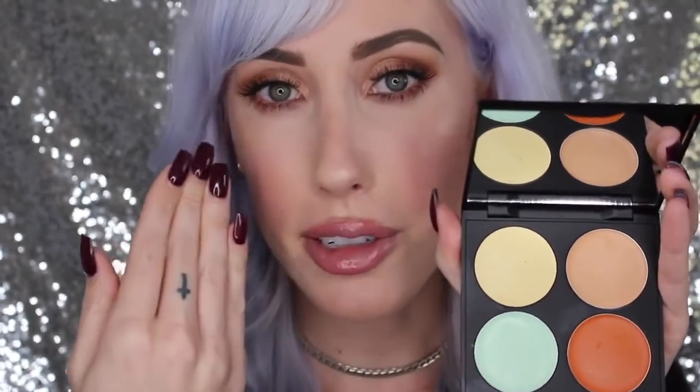The green is going to cancel out any intense redness on all skin tones, and this deep orange shade is going to cancel out any dark circles on deeper skin tones.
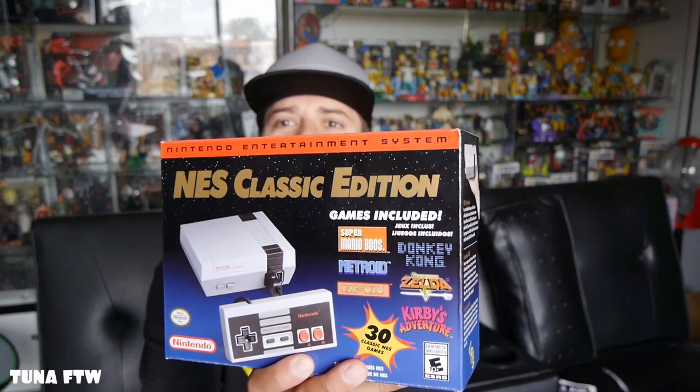What's up, you guys? Welcome to my channel, it's Tuna for the Win. Today we picked up the classic NES — that's right, we're gonna unbox it and check it out, so stay tuned.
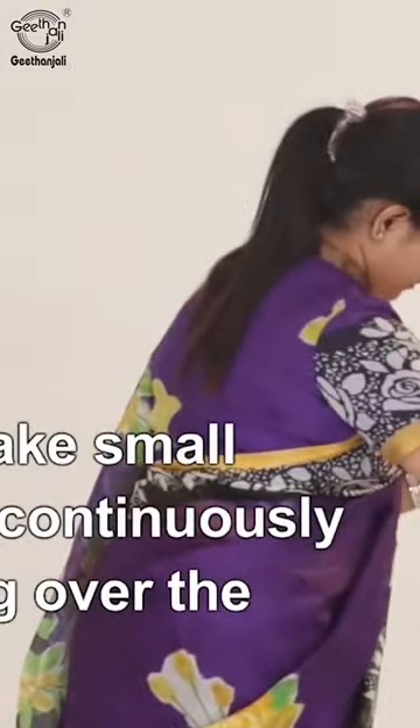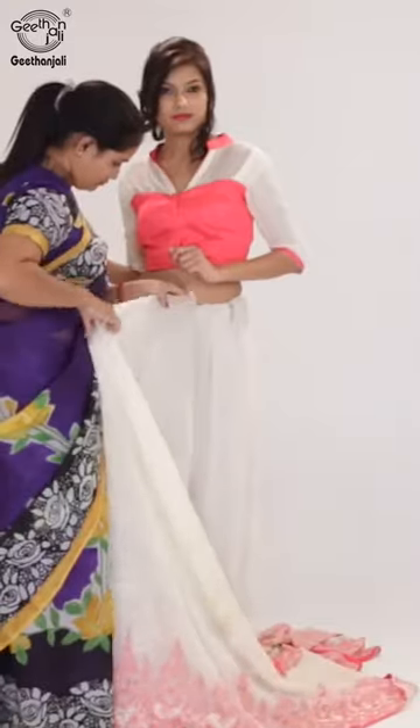Take the free flowing end and make small pleats continuously, moving over the waist like a pleated skirt.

- Work item: The expected output is an exact retyping of the lines from the line with "What's up, you" through the last line of the data, with both ends kept and the pictures dropped.

- Response to the exercise:
What's up, you guys? Welcome to my channel, it's Tuna for the Win. Today we picked up the classic NES — that's right, we're gonna unbox it and check it out, so stay tuned.
Take the free flowing end and make small pleats continuously, moving over the waist like a pleated skirt.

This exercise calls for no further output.